The $5 bond

Every morning I drive to a parking lot near my home. I pop the trunk and dish out food in two baskets that I lower over the side of the bridge to cats who are waiting down below. It’s a nutty routine, but I look forward to getting out in the air and sun, and walking the beat-up timbers of the bridge, above the sparkling creek. I say hello to the ravens that wait impatiently on the fence for a biscuit. I take a deep breath and feel good about my mission to give these cats a better life. And then…

Once in a while I’m brought back down to earth by someone driving by, who opens the window and yells at me. A recent run-in is fairly typical.

“Hey, young lady!” shouted the elderly dude in a jacked-up pick-up truck. He’s not wearing a MAGA hat but I suspect it’s on the passenger seat. “Stop feeding those damn cats! They are a nuisance!”

I turn my back and count to ten. You never know who’s carrying a gun these days.

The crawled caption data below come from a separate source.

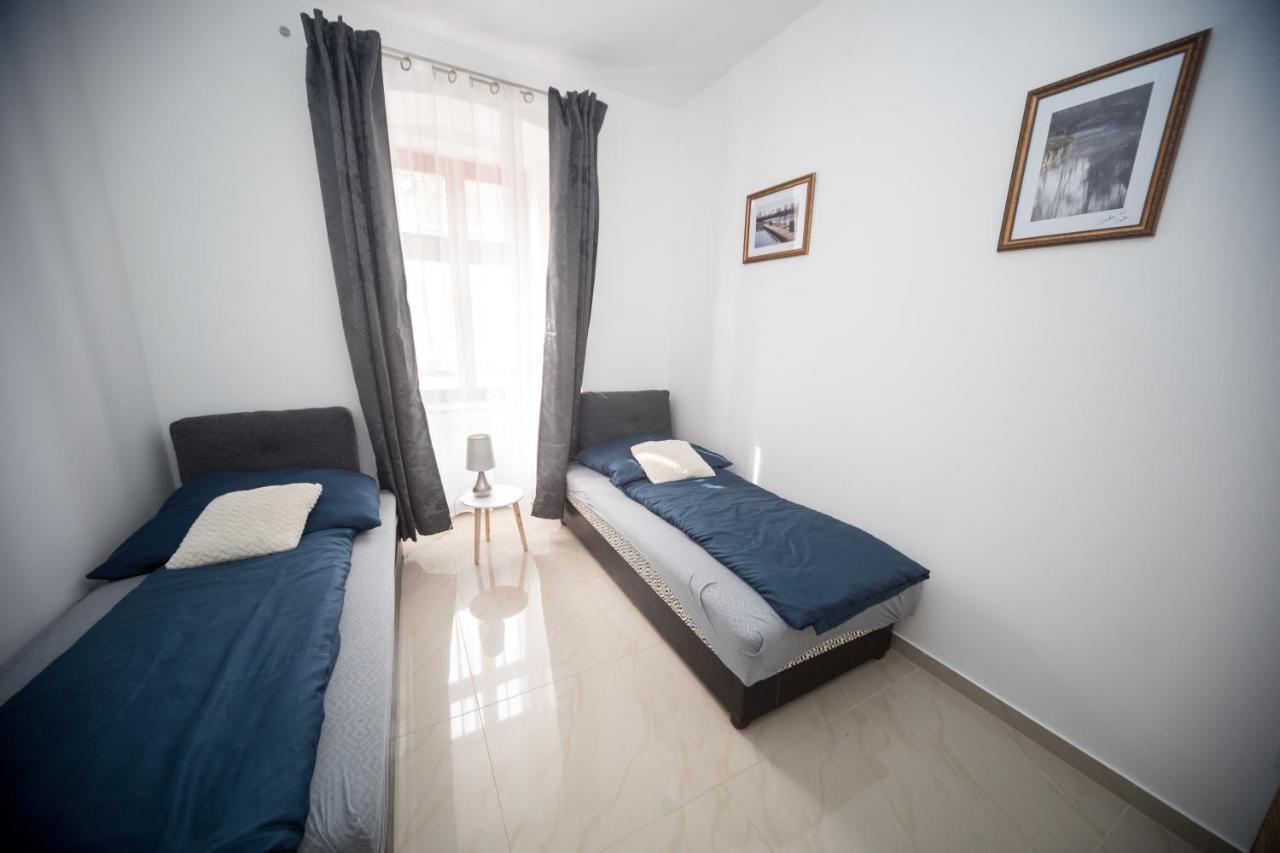 Kossuth Apartmanhaz Tata Exterior foto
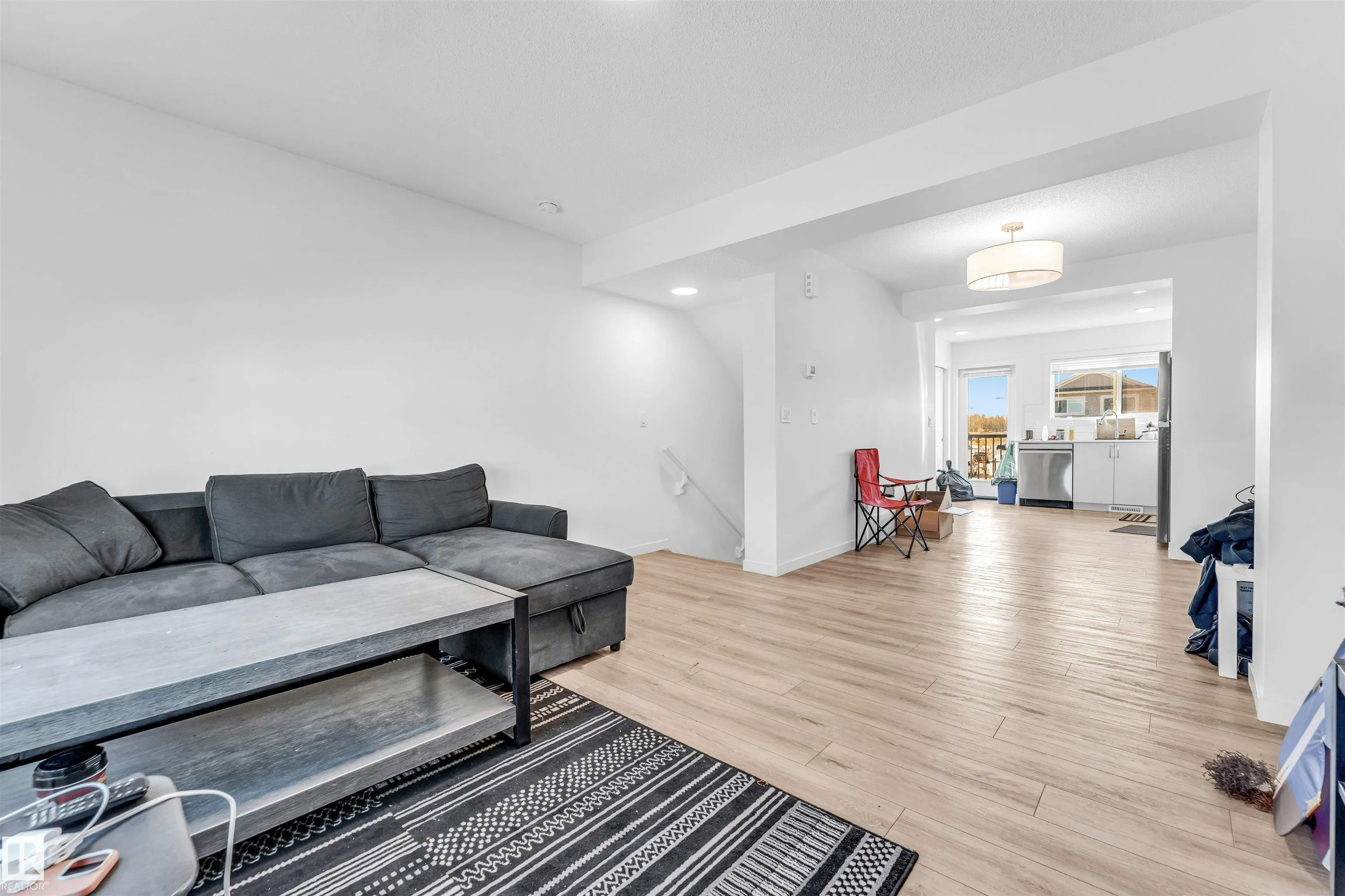 1106 ASTER Boulevard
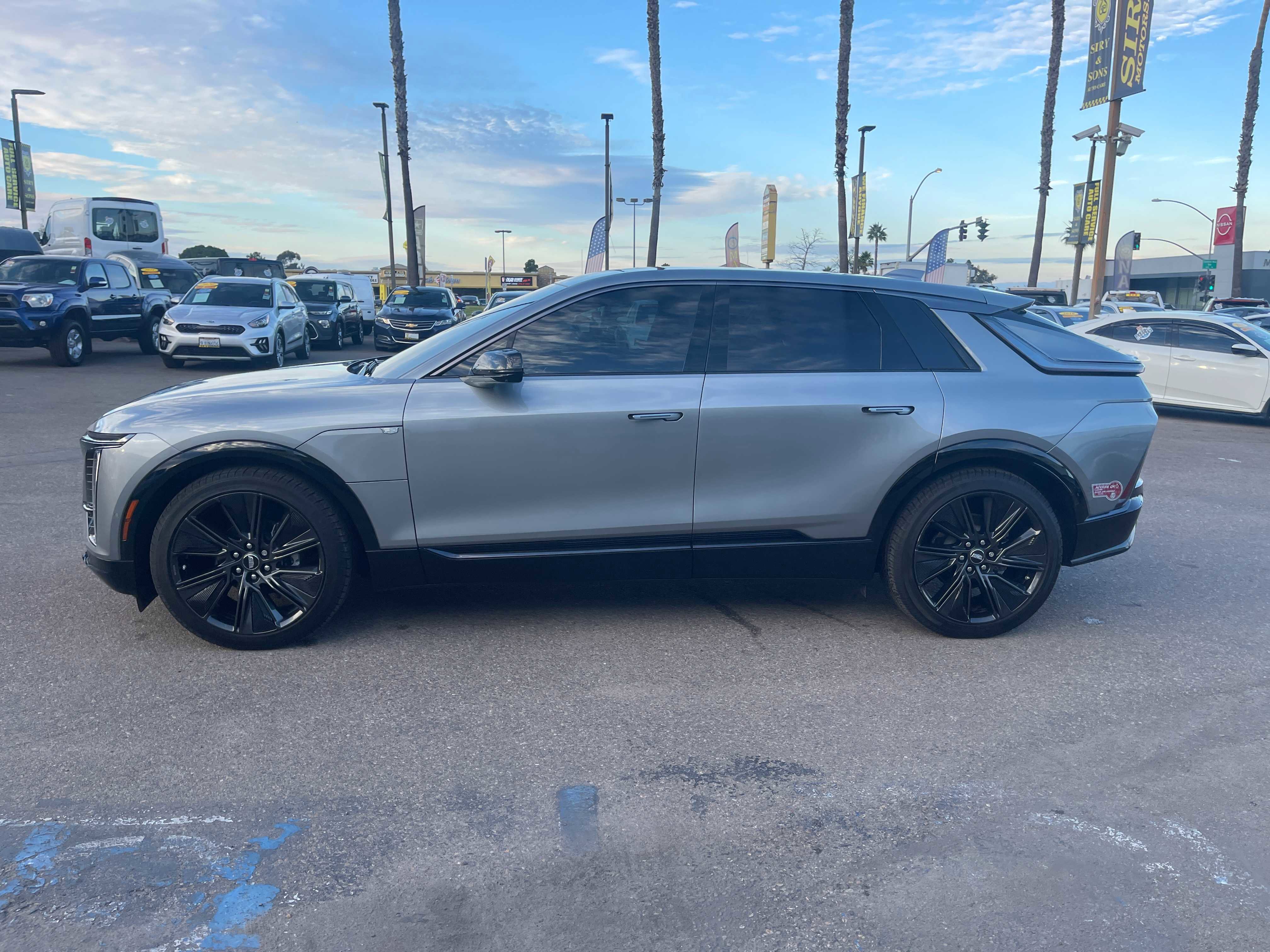 Used 2024 Cadillac Lyriq Sport image 6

Thankfully this doesn’t happen often. Mostly people passing by are just curious, ask me what I’m doing – even thank me for doing it. But I’m always on my guard.

This is because my coastal town – like most of America – is pretty divided. There’s a heavy tribe (my tribe) of artists, writers and the like – people seeking the beautiful surroundings and relative peace. And then there is the farming tribe, people with their roots deep in the coastal soil, who dislike the liberals and the tekkies who have invaded their town, and wish America would go back to the way it was, and become “great again.”

It’s a real problem when everyone insists on defining a person by their tribe. Where is there room to cross aisles, connect and grow? And who is one of the worst offenders on that score? Me. I avoid members of That Other Tribe like the plague.

And yet…

A few months ago, a well-dressed, elderly white man approached me as I was preparing food. He asked what I was doing and I told him that our volunteers feed homeless cats in several locations around the coast every day. He began to reach into his pocket and I had a momentary fear that perhaps it was for a hidden pistol. Instead he pulled out his wallet and handed me a five dollar bill.

“I love cats, too. Always had ’em. I’m sure you need money for their food.” He smiled and proceeded into the cafe.

This scene has repeated itself countless times in the last few months. Sometimes if I’m not right at my car, I return to find a $5 bill in the trunk. Through little bits of conversation with him – always very brief – I’ve learned that he and his wife moved here from Spokane to be closer to their kids, sold a beautiful property on a lake and could only afford a small house here, and he loves cats. I still don’t know his name.

But in my mind, I thought he was clearly one of MY tribe – a kind-hearted person with elevated values. Why else would he insist on donating every time he saw me?

But of course it’s never that simple.

One day he was marveling at the proximity of the ravens who caw at me in the parking lot until I toss them a treat.

“They are so close!” he exclaimed.

“Yes, they have no fear of me anymore,” I laugh.

“Is the meat stringy?” he asked.

I was flummoxed. “Stringy…?”

“Yeah, you know – when you shoot them? I have always hunted game birds.”

He could tell by my expression that I was horrified.

“But I guess you probably don’t do that kind of thing…” he added quickly, before shuffling off toward the cafe.

I was both bummed and confused. How could someone so kind to certain animals hunt birds? Since that time my uncertainly about my benefactor only increased after he told me about his beloved, late Maine Coon cat. They didn’t let him outside, he said, because they had declawed him. Once again I caught my breath. This is something I always considered akin to chopping off the tops of fingers. Once again I was repulsed, and confused.

It was New Year’s Day morning and the only business open in the parking lot was the cafe. I was there, dutifully feeding the cats, and spied my bird-killing acquaintance trudging across the parking lot. He approached me, hand outstretched with another $5 bill. He smiled and wished me happy new year. I told him I was surprised to see him there on a holiday.

He told me then that his wife has Alzheimer’s, and he was her primary caregiver. So going out for coffee and taking their dogs for a walk was the only thing he really did for himself.

He paused and looked downcast, and I felt his pain. “I’m sorry,” he said. “I don’t usually talk about this.” I told him it was more than okay, and I was glad to listen.

In that moment, the question of tribe membership didn’t matter a damn. We both love cats, and are both in the human tribe. That was more important than him being a hunter, or even a member of MAGA.

Or was he?

As I said goodbye and said I hoped 2025 was great for us both, he surprised me by replying, “Oh I’m sure it will be, with the new guy in the White House.”

And then he grinned and winked – a gesture I’m still not sure the meaning of. Was he serious? Or joking? But it doesn’t matter, we were on common ground.